Tengo una gata de un año y un perro de 7 meses. La primera semana del perrito fue de horror para la gata. Lo odiaba. Imagino que por el olor, por el instinto, por la apariencia. Ella (Ñau) no perdía oportunidad de escupirlo, y él (Kotaru) se asustaba mucho, pero como era tan cachorro, a mitad del susto se quedaba dormido.

Pero justo una semana después de su llegada, el lunes temprano, amanecieron jugando: se perseguían, se abrazaban, se lamían, ¡puro amor fraternal!

A medida que han ido creciendo, él la ha superado en tamaño y fuerza, pero aún así (y creo que por una cuestión de antigüedad) ella sigue siendo la jefa. Es el modelo a seguir para el perro, al punto que él se cree gato.

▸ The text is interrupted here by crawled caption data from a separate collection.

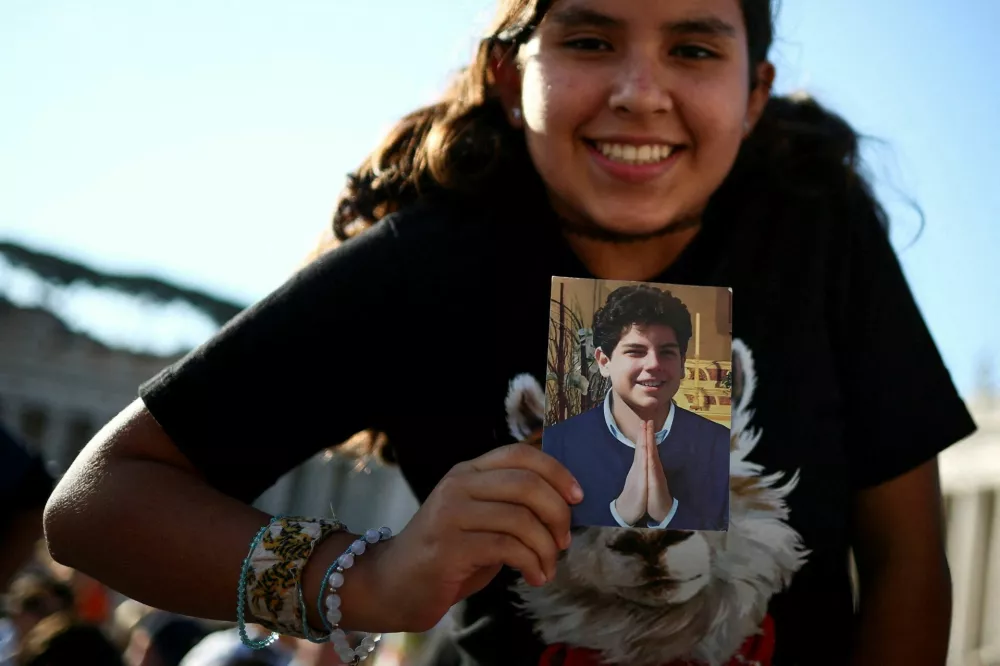 A woman holds a picture of Carlo Acutis on the day Pope Leo XIV leads a Holy Mass for the canonisation of Carlo Acutis, a British-born Italian boy who will become the first millennial to be made a Catholic saint, and Pier Giorgio Frassati, in St. Peter's Square at the Vatican, September 7, 2025. REUTERS/Guglielmo Mangiapane   TPX IMAGES OF THE DAY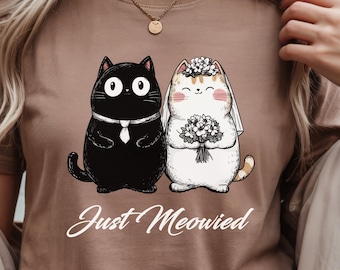 May include: An espresso-colored t-shirt featuring a graphic of two cats dressed for a wedding. The black cat wears a white tie, and the white cat wears a floral veil and holds a bouquet. Below the cats, the text reads Just Meowied in white script.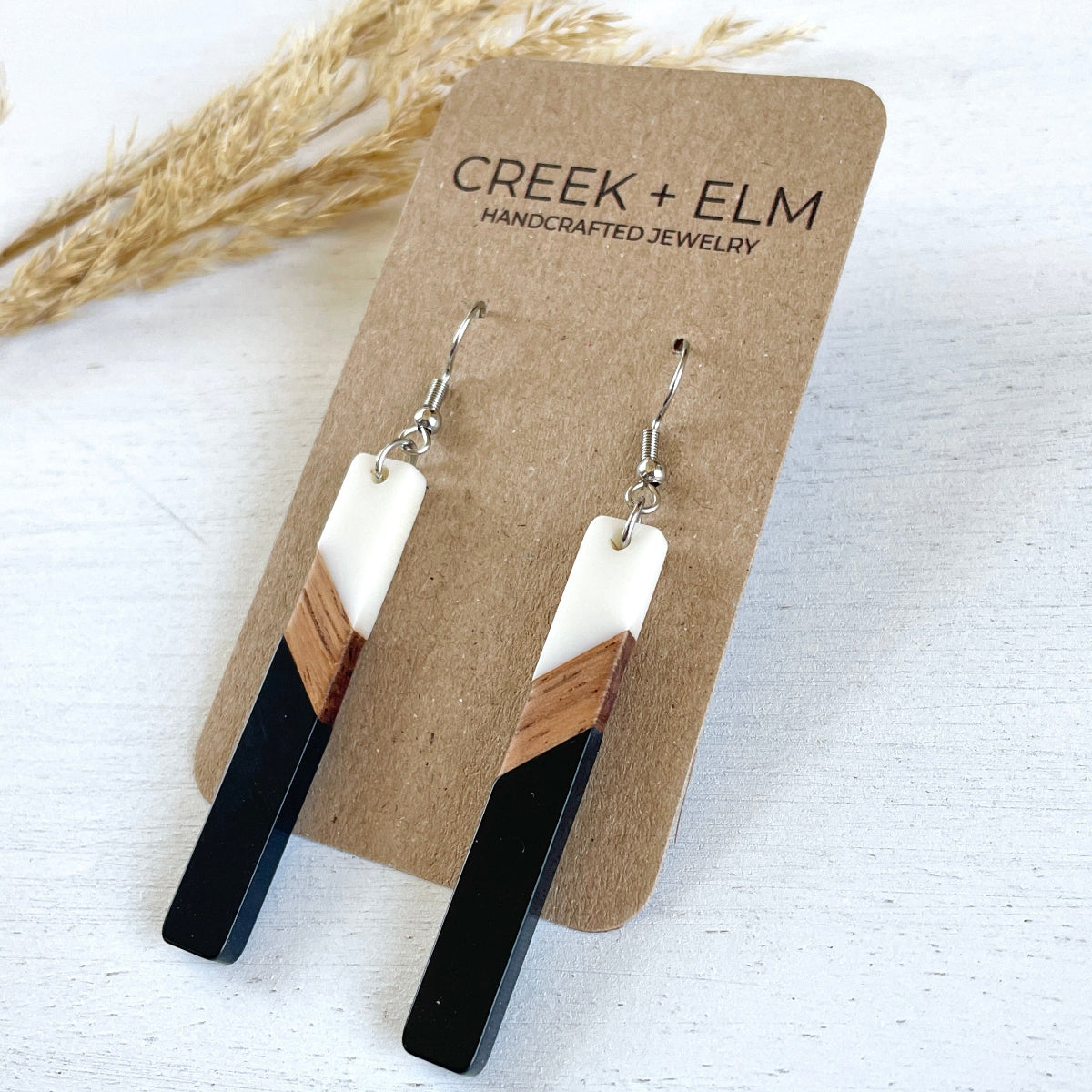 Carded photo of a creek and elm tri-color earring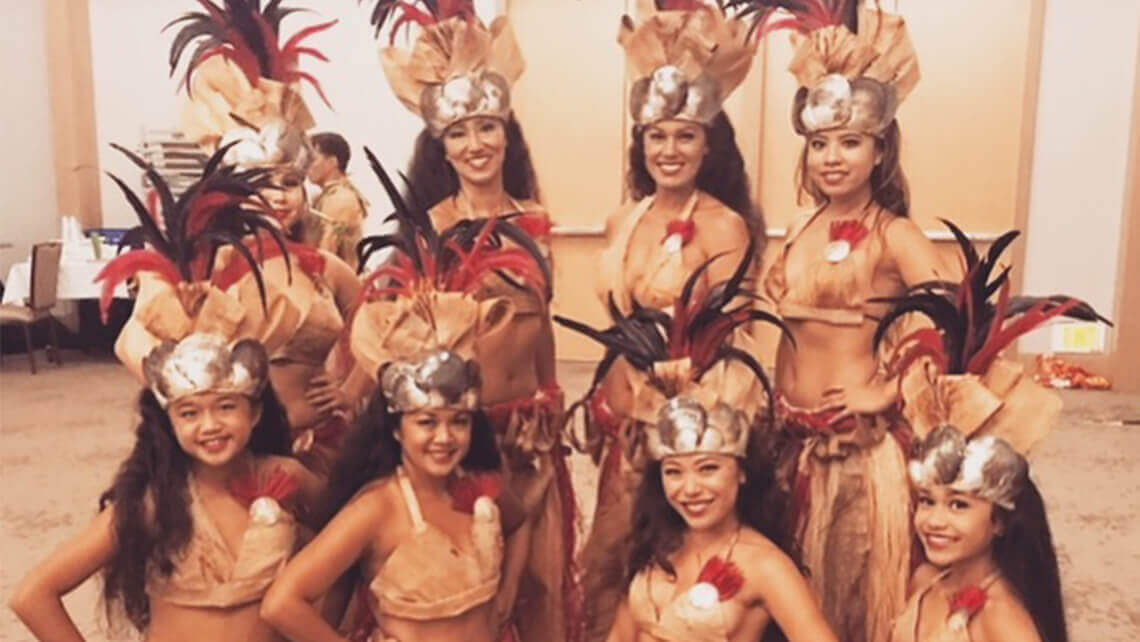 group of hula dancers in costumes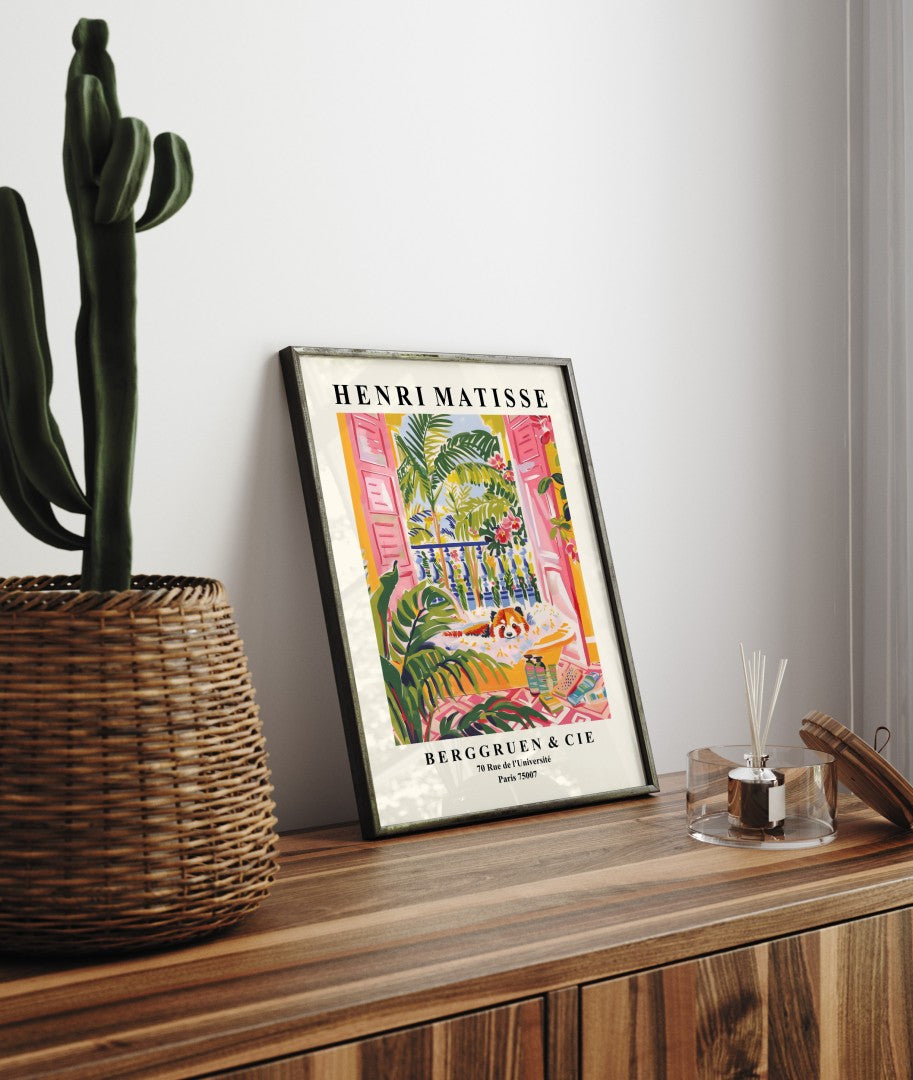 Framed Henri Matisse inspired art print of a red panda relaxing in a yellow bathtub with tropical leaves and flowers - bathroom wall art print for decor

La primera vez que se vio en un espejo, pasó horas ladrándose, como queriendo espantar al perro que veía reflejado sin saber que era él mismo. Se lame las patas como un gato, es terrible, tanta saliva lo deja flaquito y mojado, pero él está orgulloso de haber aprendido. Ñau se encargó de enseñarlo desde pequeño. A él lo amarga que ella lo inmovilice y lo lengüetee, pero al final siempre se deja.

Ha trepado sitios demasiado altos y al tratar de caer con la gracia de un felino, termina lesionado como un canino. Juega con bolas de estambre y prefiere la comida de gatos a su propia comida.

¿Será que en algún momento entenderá que no es un gato, o siempre será un catdog?